The way the markdown interpreter works is that if an HTML block tag span begins after a blank line and is followed immediately by a blank line, then that entire HTML block tag span is copied into the output verbatim.

i can't shake the nagging feeling that that might, on occasion, be useful, so long as the user knows about it and how to work around it when it's not useful. If extra non-whitespace is necessary after a closing tag in order to force markdown parsing, a &nbsp; could be used to make it invisible.

(7) By Richard Hipp (drh) on 2021-08-08 17:09:57 in reply to 6 [link] [source]

What if we add <html> to the set of tags that work this way. That way, if you have a chunk of text that you want to be pure HTML without any Markdown interpretation, you simply enclose it inside <html>...</html> preceded and followed by a blank line?

(8) By Stephan Beal (stephan) on 2021-08-08 18:14:36 in reply to 7 [link] [source]

What if we add...

That would certainly be much more intuitive.

... preceded and followed by a blank line?

Would the blank lines be necessary? We'd be recycling a tag which otherwise "cannot," outside of verbatim blocks, appear in markdown docs, so accepting it inlined at any point in the text seems(?) okay.

(9) By Brian Tiffin (btiffin) on 2021-08-08 19:59:41 in reply to 7 [link] [source]

Personal opinion.

When I first read this, I went to the Fossil wiki format page to look into the verbatim and nowiki tags. I'd prefer a different tag than html.

Isn't there a rule somewhere about starting CGI output with html avoiding (or including?) header and footer processing? Asking, because I don't remember, but spider sense is tingling.
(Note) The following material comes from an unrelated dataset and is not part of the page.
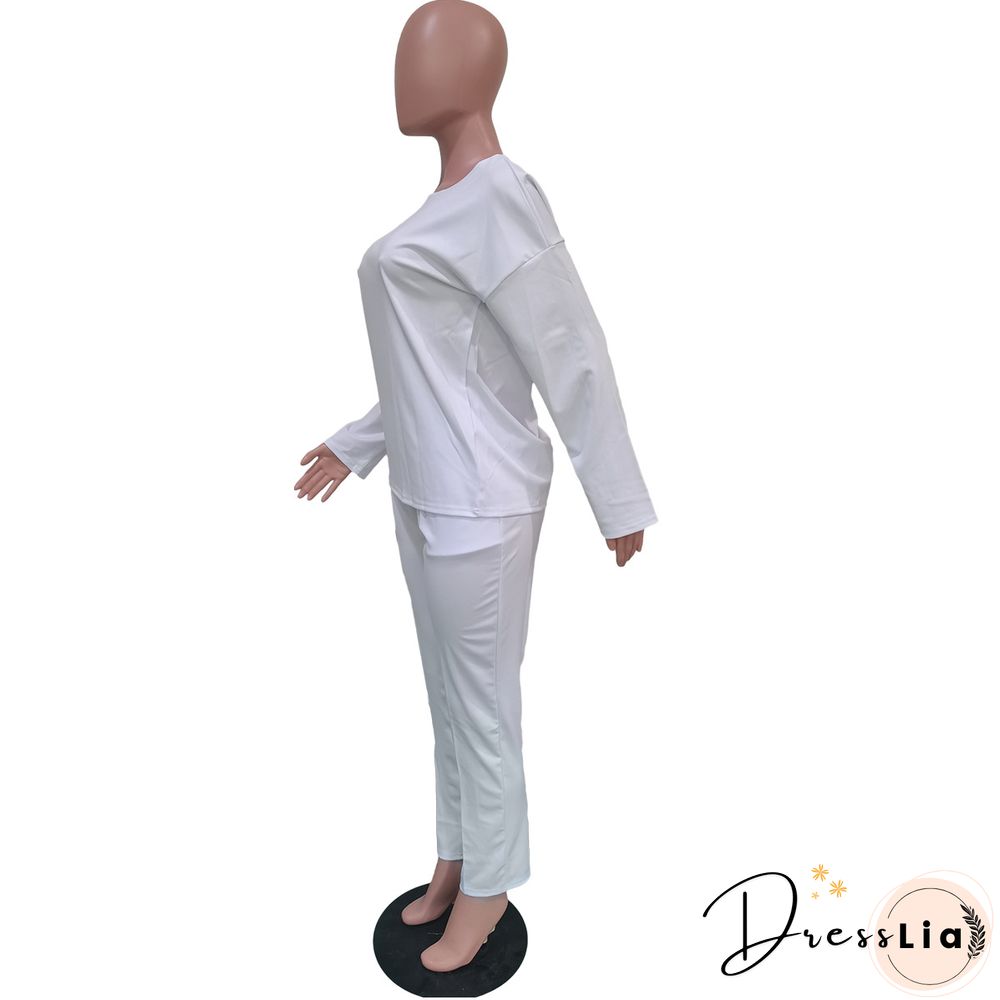 Long Sleeves T shirt Sportswear Two Piece Pants Set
I'd prefer something like noparse, or asis, or an even more magic word that covers the various semantics of nowiki, verbatim and don't touch any of this, even the angle brackets, until you find a close tag of the magic word.

Have good.

(10) By Stephan Beal (stephan) on 2021-08-08 20:08:18 in reply to 9 [link] [source]

Isn't there a rule somewhere about starting CGI output with html avoiding (or including?) header and footer processing? Asking, because I don't remember, but spider sense is tingling.
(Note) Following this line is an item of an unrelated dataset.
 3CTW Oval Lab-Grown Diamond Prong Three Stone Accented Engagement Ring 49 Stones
That doesn't apply to markdown files, though. Yes, we'd have a bit of mixed semantics with a tag called "html" but i've been unable to come up with a case where that would bite us. But... that's not to say it's impossible. A completely custom tag would probably cause less confusion.
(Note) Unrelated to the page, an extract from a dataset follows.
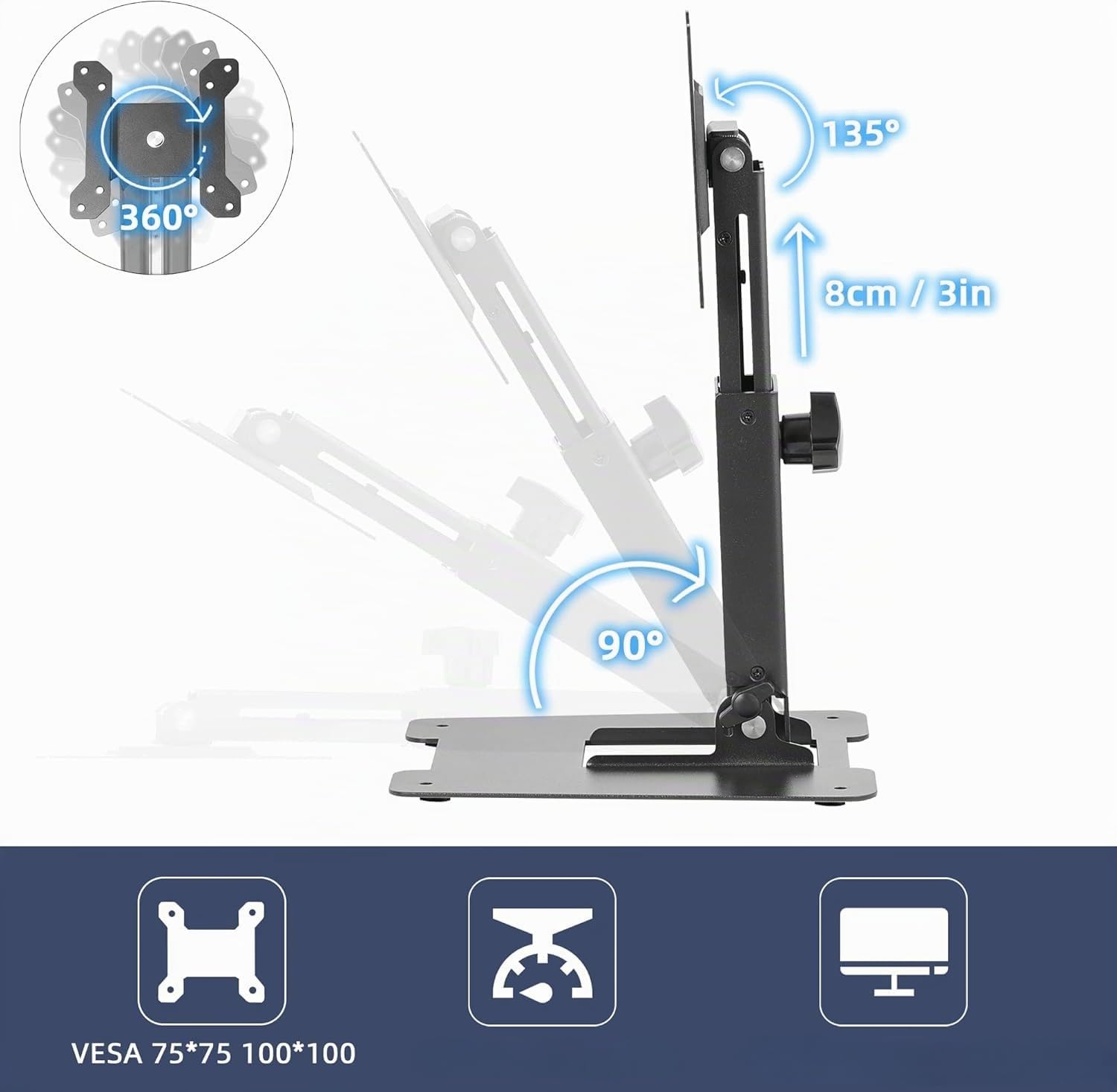 VESA Supporto per Monitor pieghevole - Altezza Regolabile per singolo Monitor di Schermo fino a 28 pollice Aggiornato Wearson WS-03T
(11) By Richard Hipp (drh) on 2021-08-08 22:38:28 in reply to 10 [link] [source]

Ideas:

  • <purehtml>
  • <nomarkdown>
  • <htmlonly>

Or, just omit the <html> and its corresponding </html> but keep all the (non-markdown formatted) text in between.

(12) By Larry Brasfield (larrybr) on 2021-08-08 23:47:56 in reply to 11 [link] [source]

(Piping in reminds me of the alleged one-to-one mapping between GI tracts and opinions.)

As a signal to the markdown processor, <html> seems perfect. Better even than <html_for_sure>, <nothing_but_ordinary_html>, or other elaborations. If the input to the markdown processor was purported to be ready for interpretation as a response to a web page request, maybe some adherence to standards for that would be smart. But it is not such input. Simple is easier to remember.

(13) By Stephan Beal (stephan) on 2021-08-09 00:01:18 in reply to 12 [link] [source]

Simple is easier to remember

FWIW, Larry has me convinced there. Assuming we don't have any semantic collisions (i don't believe we do), "html" sounds perfect.

(14) By Richard Hipp (drh) on 2021-08-09 01:16:17 in reply to 13 [link] [source]

Changes are on trunk. Try it out. Report any problems.

(15) By Brian Tiffin (btiffin) on 2021-08-09 01:56:52 in reply to 13 [link] [source]

Agree. Thanks to the hint about separating the special-ness of the <html> tag from Markdown and CGI, Stephan, allowed Larry's wisdom to sink in faster.

Allowing raw to the browser with <html> blocks is a sane, easy thing to remember.

Allowing exception control of header/footer with <html> triggers in CGI is a sane, easy thing to remember, even though I'd still have to go look it up for reminder-ing on specifics.

And the internet gets to cheer as someone makes a good point, shifts other opinions and the design to the better. For the win. An internet win.

And new fossil powers. Thanks, Richard.